[Dataset entries]
==================================================
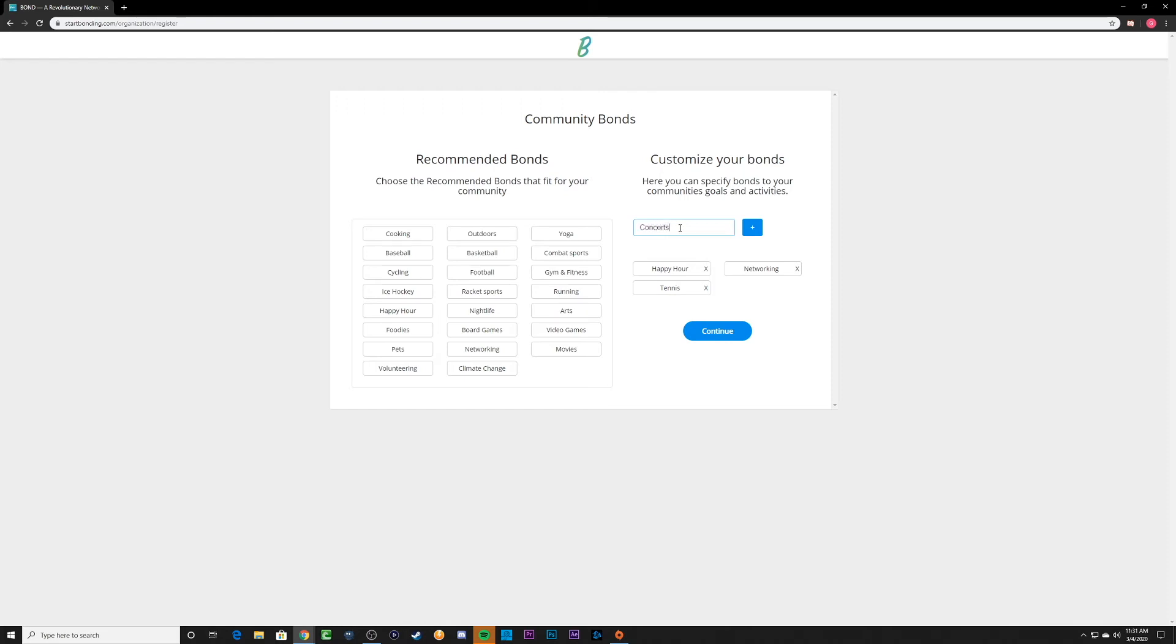When registering for your community, the bond groups that you create here will be available to everyone to join based on what interests they select.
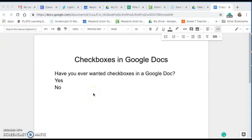Have you ever wanted to add a checkbox option to your Google Doc? Let me show you how.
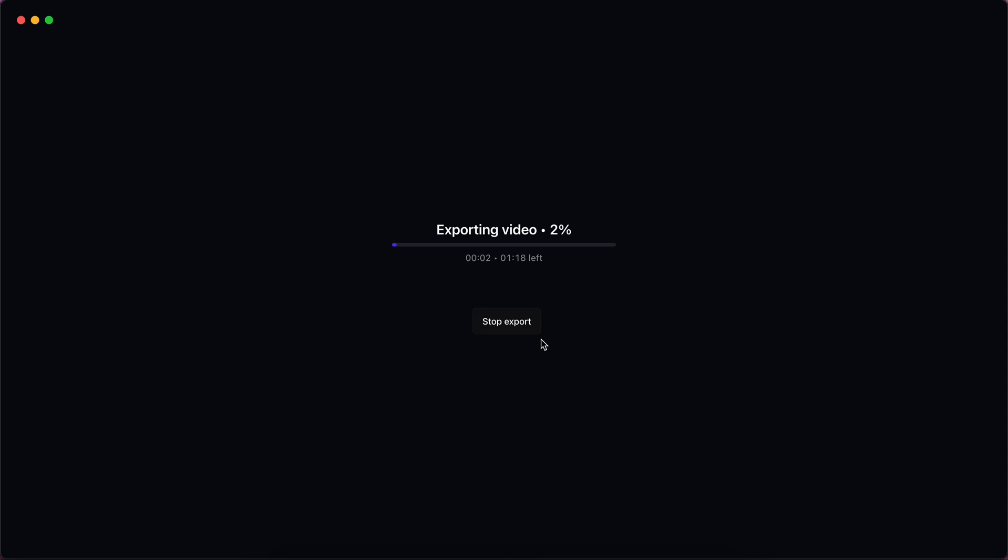And now it's working normally because ffmpeg fixed the issue with the video file before. Okay, thanks for watching and see you next time.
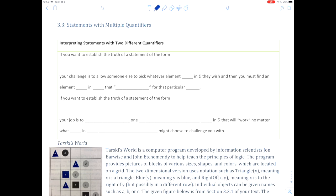Hey there, Shannon Myers making movie number two today. Today we'll be looking at statements with multiple quantifiers, and for the most part we're just going to look at an example of something called Tarski's world to do this section.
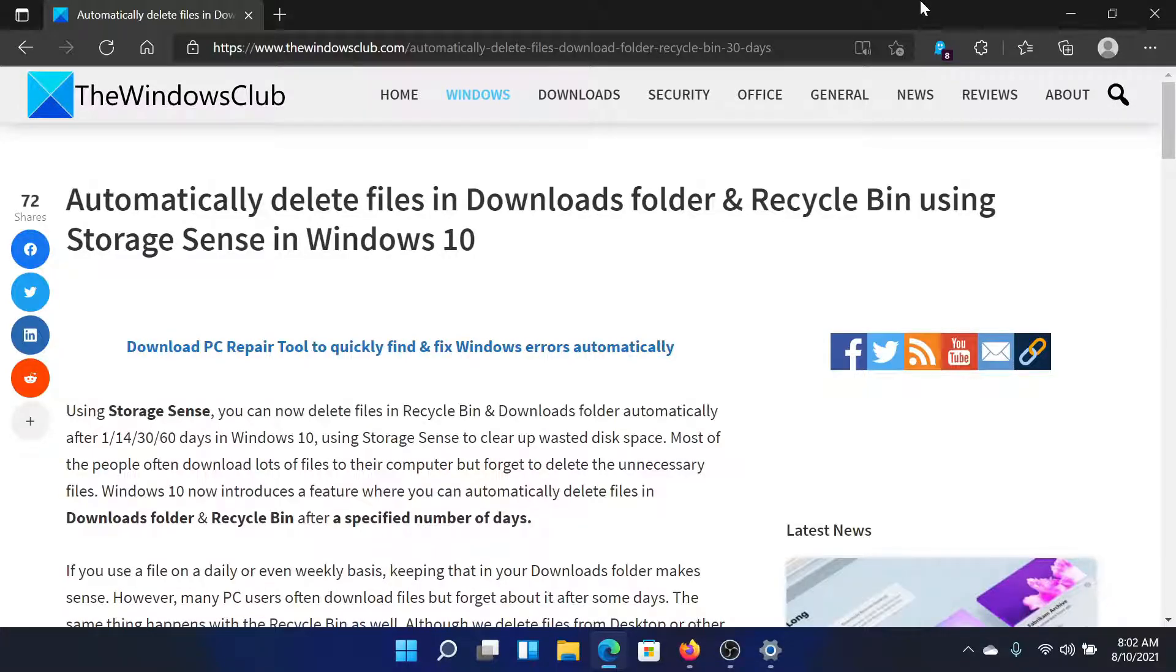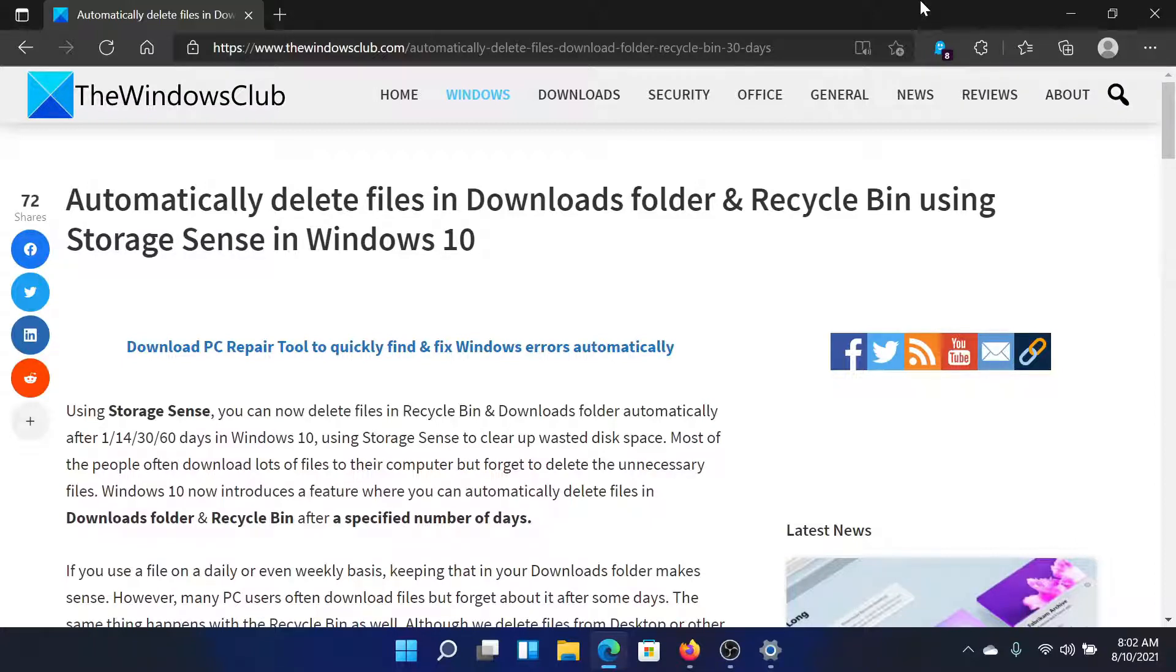Welcome to The Windows Club. If you wish to automatically delete files in the Downloads folder, Recycle Bin, etc. using Storage Sense in your Windows computer, then either read through this article on The Windows Club or simply watch this video.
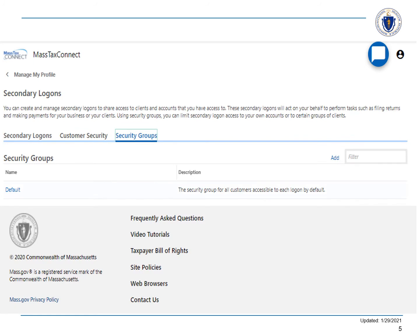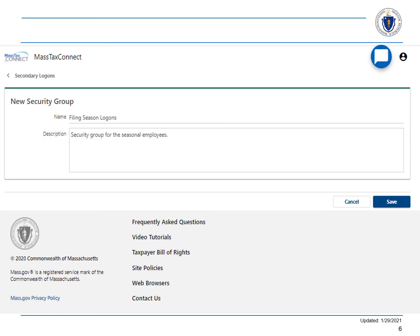Select the Security Groups tab, like we have done so here, and then select the Add hyperlink. Complete the required fields, and then select the Save button.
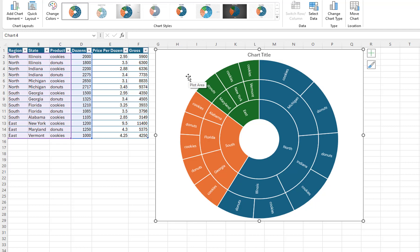The Sunburst chart clearly shows that we sell the most products in the North region.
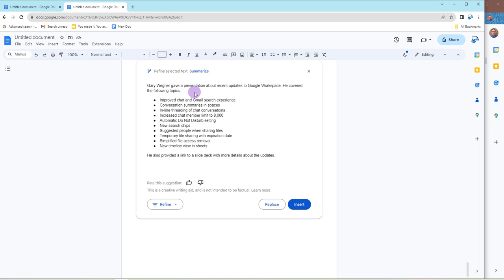Until we meet again, another day, another time, another tip, trick, hack, or update, or in this case, a new show me in Duet AI. This is Gary the Google Guy signing off.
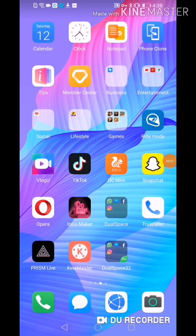Hi guys, this is hotlucid25. For today's video we're going to do a tutorial. I'm using the Huawei Y8P, and the Huawei Y8P has no Google Play Store.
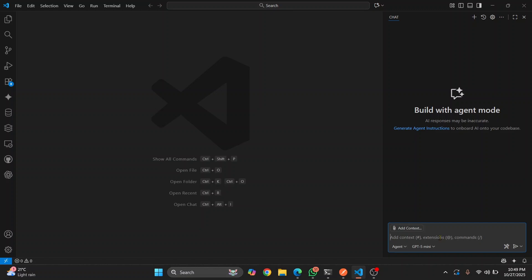I'll try two things: first something a bit complex, and if it fails I'll try simpler stuff. Let's see if it succeeds with the complex task. I'll ask it to create a simulation of our solar system in a website, and I want a scrollbar at the bottom — when I scroll it, I want the planets to rotate accordingly. Let's try to build it.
==================================================
*REQUIRED ACTION*:
An exact, image-free transcription of all the records above is needed.

*YOUR SOLUTION*:
When registering for your community, the bond groups that you create here will be available to everyone to join based on what interests they select.
Have you ever wanted to add a checkbox option to your Google Doc? Let me show you how.
And now it's working normally because ffmpeg fixed the issue with the video file before. Okay, thanks for watching and see you next time.
Hey there, Shannon Myers making movie number two today. Today we'll be looking at statements with multiple quantifiers, and for the most part we're just going to look at an example of something called Tarski's world to do this section.
Welcome to The Windows Club. If you wish to automatically delete files in the Downloads folder, Recycle Bin, etc. using Storage Sense in your Windows computer, then either read through this article on The Windows Club or simply watch this video.
Select the Security Groups tab, like we have done so here, and then select the Add hyperlink. Complete the required fields, and then select the Save button.
The Sunburst chart clearly shows that we sell the most products in the North region.
Until we meet again, another day, another time, another tip, trick, hack, or update, or in this case, a new show me in Duet AI. This is Gary the Google Guy signing off.
Hi guys, this is hotlucid25. For today's video we're going to do a tutorial. I'm using the Huawei Y8P, and the Huawei Y8P has no Google Play Store.
I'll try two things: first something a bit complex, and if it fails I'll try simpler stuff. Let's see if it succeeds with the complex task. I'll ask it to create a simulation of our solar system in a website, and I want a scrollbar at the bottom — when I scroll it, I want the planets to rotate accordingly. Let's try to build it.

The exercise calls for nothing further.